Он мне снился. Я знала что все, что мне снится, происходит в действительности. Потом он мне звонил и я понимала, что попросту видела происходящее — нашей ночью — его американским днём. Мы ведь буквально жили в противофазе. Иногда в этих снах я видела его беспомощным, хотя я к этому не привыкла. В то время я и сама жила в горе и беспомощности — война, разочарование в человеке, которого я любила, еле теплящиеся силы.
Потом он нашел свою любовь. Поехал в Россию и привез оттуда в Калифорнию прекрасную женщину, с которой встречался за много лет до этого. Когда он рассказывал мне по телефону из Америки, как он ее искал и как нашел, я жалела только об одном — что я слушаю эту историю одна. Я никогда не забуду этот рассказ. Он пробивался через тьму, как сумасшедший. «Мы с нею разомкнули черноту и просто дышим… Друг другом, детьми, красотой. Жизнь стала очень полная ..и теплая.»
Всё — подумала я — теперь это навсегда. И настолько успокоилась, что у меня нарушилась внутренняя связь с ним. Я больше не чувствовала, что происходит.
Потом и я встретила человека, который небезосновательно пообещал, что я буду с ним счастливой. Когда я поняла, что за мной вдруг ни с того ни с сего прибыли алые паруса, я сразу позвонила ему. Я сказала ему что вот сейчас моя жизнь резко меняется. Он внимательно выслушал. Через неделю он сделал контрольный звонок.
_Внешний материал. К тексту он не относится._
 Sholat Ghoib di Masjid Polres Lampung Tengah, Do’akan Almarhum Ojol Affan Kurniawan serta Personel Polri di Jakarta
По моему голосу понял, что все правда и у меня нету временного помешательства.
Позже, когда он увидел моего мужа, он так полюбил его, что я, по-моему, то ли перестала для него существовать, то ли стала двоиться.
Поскольку я жила себе в своем хеппиэнде, я не заметила, что со стороны Америки стало подозрительно тихо.
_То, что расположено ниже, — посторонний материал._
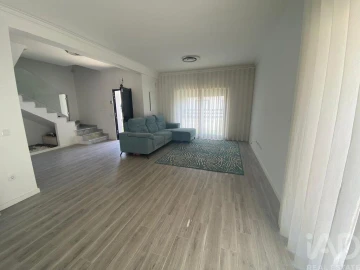 Moradia T3 para Venda em A dos Francos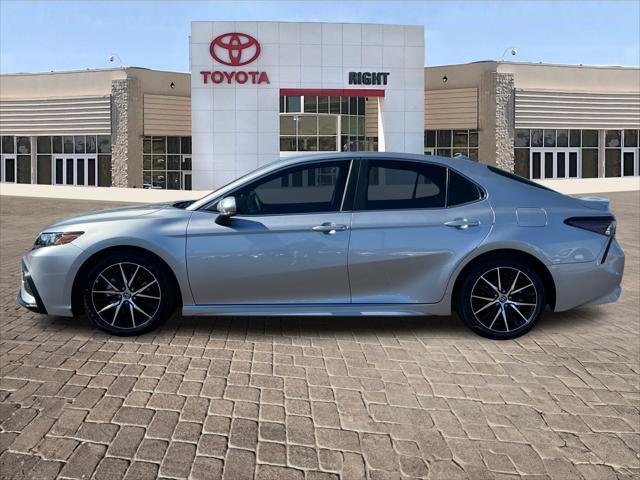 2022 toyota camry se
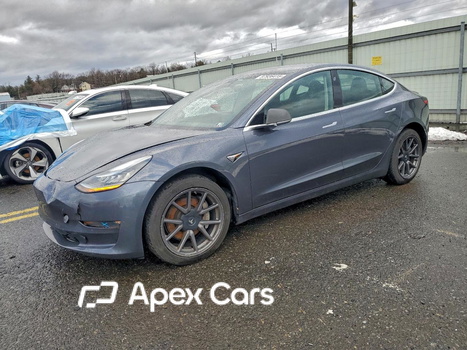 Tesla Model 3 2019 - Image 1 of 12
Только потом я узнала, что он сделал что-то ужасное, из-за чего вся его жизнь сломалась, как трость. И хоть на первый взгляд кажется, что он сломал жизнь этой прекрасной женщине, он сломал ее себе.
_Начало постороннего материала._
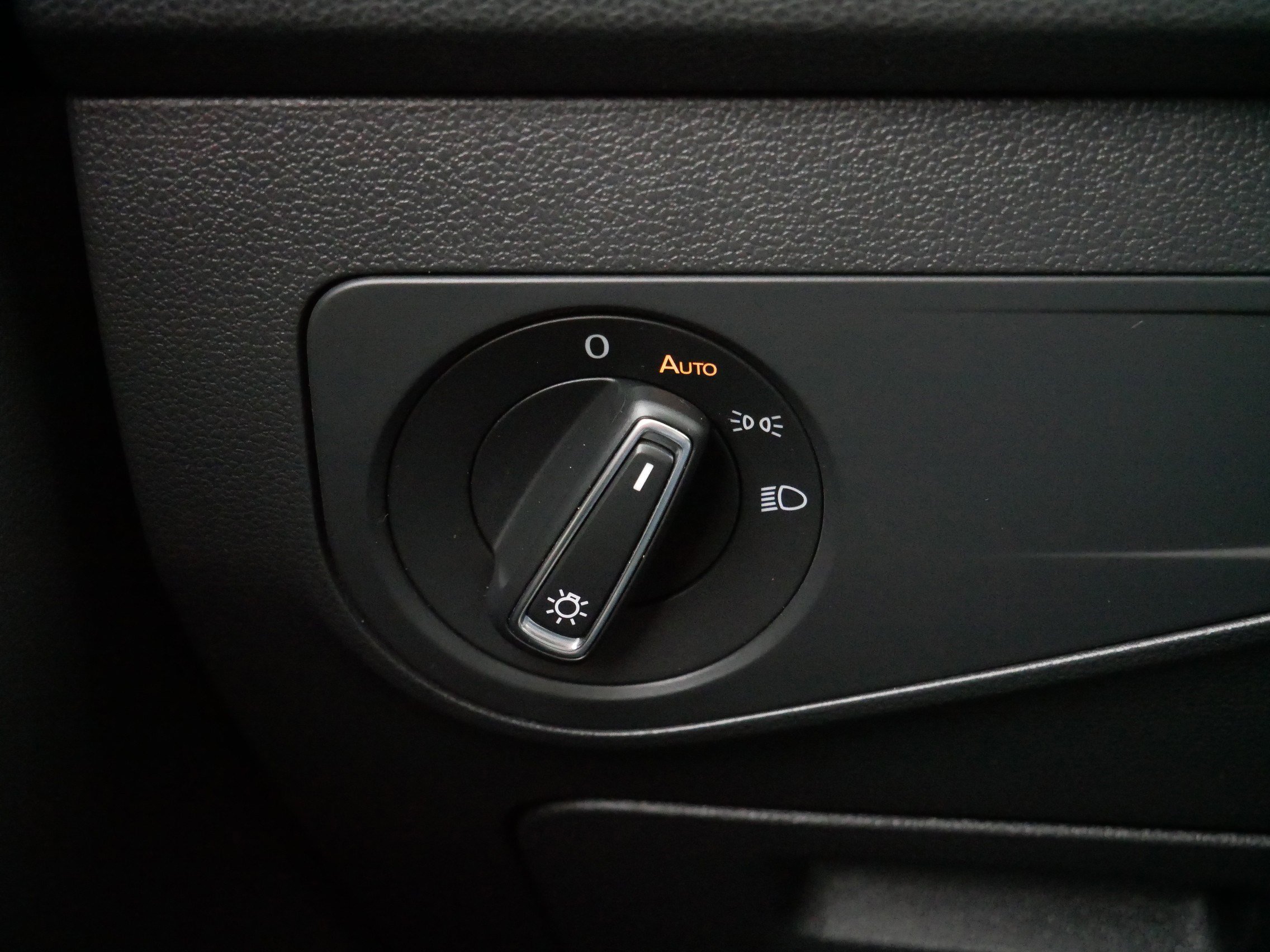 Used 2021 Volkswagen Tiguan SE w/ Panoramic Sunroof Package image 26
Никто, ни она, ни его близкие, с которыми он тоже разорвал связь, не понял, почему это произошло. Сейчас я пробую себе это объяснить какой-то катастрофой, которая произошла в его мозгу от приема лекарств, которые незадолго до того ему назначили в результате сердечных проблем..
Инсульт, даже малозаметный, в правую часть мозга, делает человека просто другим — жестоким и подозрительным.
Он скоро появился у нас в доме, но в другом обличье. Очень жестком. Противоположном себе.
Потом он бросил работу в Силиконовой долине как бессмысленную для себя и вернулся в Россию. Чтобы жить, не работая — на пенсию, которой в России хватало. Были еще живы друзья его юности. Он купил квартиру в Москве, а я ехидно его спрашивала, не собирается ли он опять бороться за выезд.
Там его, человека, просто состоявшего из свободы, очень быстро затошнило. Друзья его тоже чувствовали себя лишними на этом свете.
Квартиру, подорожавшую вчетверо, он продал, и переехал на Украину, где политический режим по его словам был как хлюпающее болотце..
Он купил дом в Чернобыле Крыму и опять нашел женщину которая его полюбила. Это ему всегда было легко.
А потом Россия пришла к нему в Крым. Капкан захлопнулся. Он даже свои американские деньги не мог туда получать. И случился еще микроинсульт.
«Тебе надо уматывать хоть куда — на Украину или лучше в Израиль» — сказала я ему. Ты там не выживешь. Каждый вздох будет для тебя ядом.
Но у него не было сил. Он же должен был все сам. А он не мог. Ну и медицина там понятно какая. Он стал какой то квадратный. Все мои усилия что-то устроить посылались понятно куда. Возможно, он задумал закончить этот балаган. Потому что, сломав бедро не пошел его лечить. И еще я чувствовала, что он себя ненавидит.
Дней за десять до того, как его не стало, он позвонил по скайпу. «Ребята»- сказал он. — Наступает полная херня. Я все таки должен был это вам сообщить.